Senate Republican leaders yesterday appointed two of Congress's most outspoken antiabortion members to the Senate Judiciary Committee, which is bracing for potentially bruising hearings on nominations to the Supreme Court.
Sen. Sam Brownback (R-Kan.) and Sen.-elect Tom Coburn (R-Okla.) will join the panel's eight returning Republicans next month, assuming the Republican Conference follows tradition and approves the leadership's committee assignments for all 55 GOP senators. The breakdown of Judiciary will be 10 Republicans and eight Democrats.
With Chief Justice William H. Rehnquist, 80, fighting cancer, and three other justices in their seventies or eighties, many lawmakers expect that President Bush will fill the Supreme Court's first vacancies in more than a decade. Battles over judicial nominations, which are subject to Senate approval, begin in Judiciary. The panel holds hearings and votes on whether to recommend confirmation by the full chamber.
Abortion is certain to be a focus of debate for any nominee to the high court, which for three decades has upheld the Roe v. Wade decision that legalized the procedure nationwide. While Coburn and Brownback will be the committee's newest Republicans, their records suggest they may rank among the most outspoken on abortion.
Coburn, an obstetrician, has advocated the death penalty for doctors who perform abortions. Last year, Brownback introduced the Unborn Child Pain Awareness Act, which would have required a woman seeking an abortion to be told that the fetus might feel pain and that it could be given an anesthetic.
Antiabortion groups hailed yesterday's appointments, while advocates of keeping abortion legal expressed dismay. "The color code for potential threats to the Constitution just went from orange to red," said Ralph G. Neas of People for the American Way. "It's hard to believe the Judiciary Committee could go any farther to the right, but it just did."
Nancy Keenan, president of NARAL Pro-Choice America, said: "It appears the far right is massing troops on the border of Roe v. Wade."
Conservative groups see it differently. "I'm very pleased with it, obviously," said Jay Sekulow, chief counsel of the American Center for Law and Justice. "Sam Brownback and Tom Coburn are friends of ours."
The Judiciary Committee occasionally holds fiercely contested hearings, such as the 1991 showdown between Clarence Thomas and lawyer Anita Hill, who accused him of sexual harassment.

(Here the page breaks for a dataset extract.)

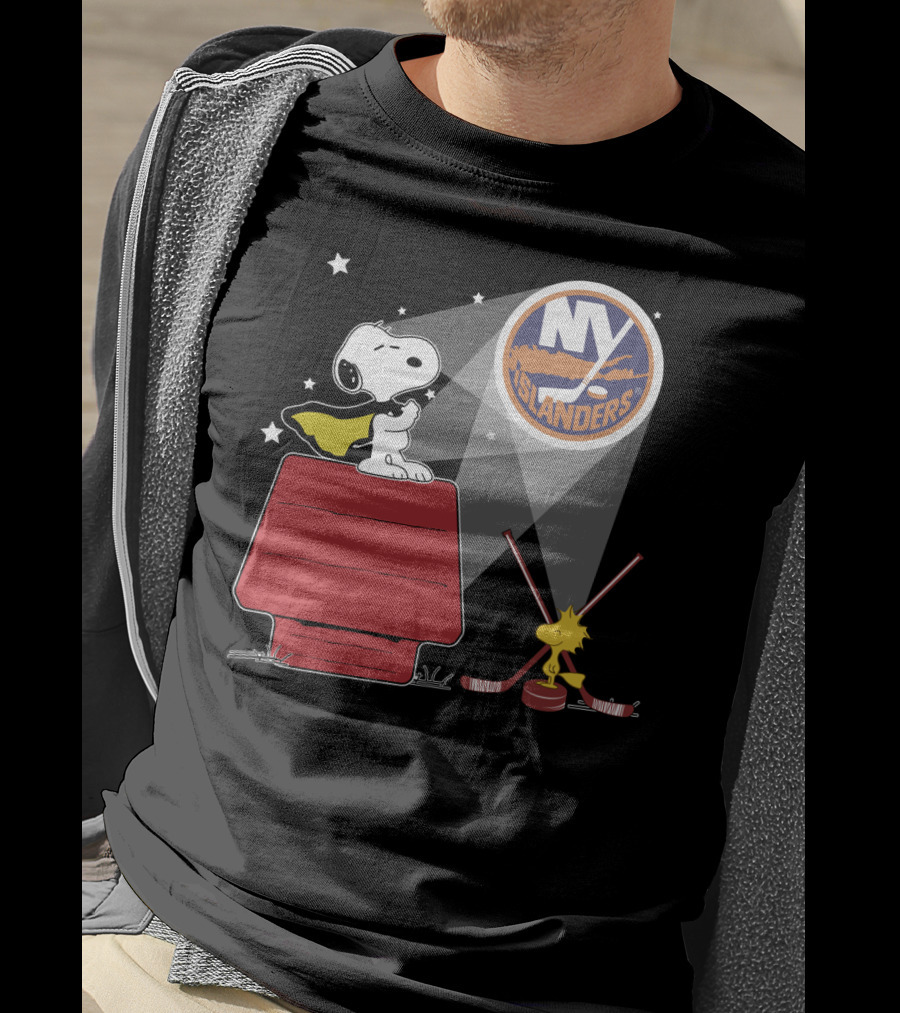 Ny Islanders Snoopy Woodstock Hockey Fan Scene T-Shirt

Thomas was confirmed for the Supreme Court.
The committee's new chairman, Arlen Specter (R-Pa.), angered some fellow Republicans last month when he suggested Bush might have difficulty winning confirmation of judges who oppose abortion rights. Specter kept his post by pledging to move promptly to send Bush's nominations to the Senate floor.
"I'm sure Senators Brownback and Coburn will ably assist Chairman Specter in that task," Sekulow said yesterday.
Brownback and Coburn replace Sens. Larry E. Craig (Idaho) and Saxby Chambliss (Ga.), who will shift to other committees. Craig and Chambliss are solid conservatives but are not as focused on abortion as their replacements are. Democrats, who lost four net Senate seats last month, will not replace the retiring Sen. John Edwards (N.C.) on the committee. Their eight remaining members will stay on the panel.
In other Republican assignments announced yesterday, Chambliss will chair the Agriculture Committee, Thad Cochran (Miss.) will chair Appropriations and Pat Roberts (Kan.) will remain as head of the intelligence committee. Ted Stevens (Alaska) will chair the Commerce Committee, and John McCain (Ariz.) will chair Indian Affairs. The changes generally were prompted by the GOP's self-imposed term limits for chairmen.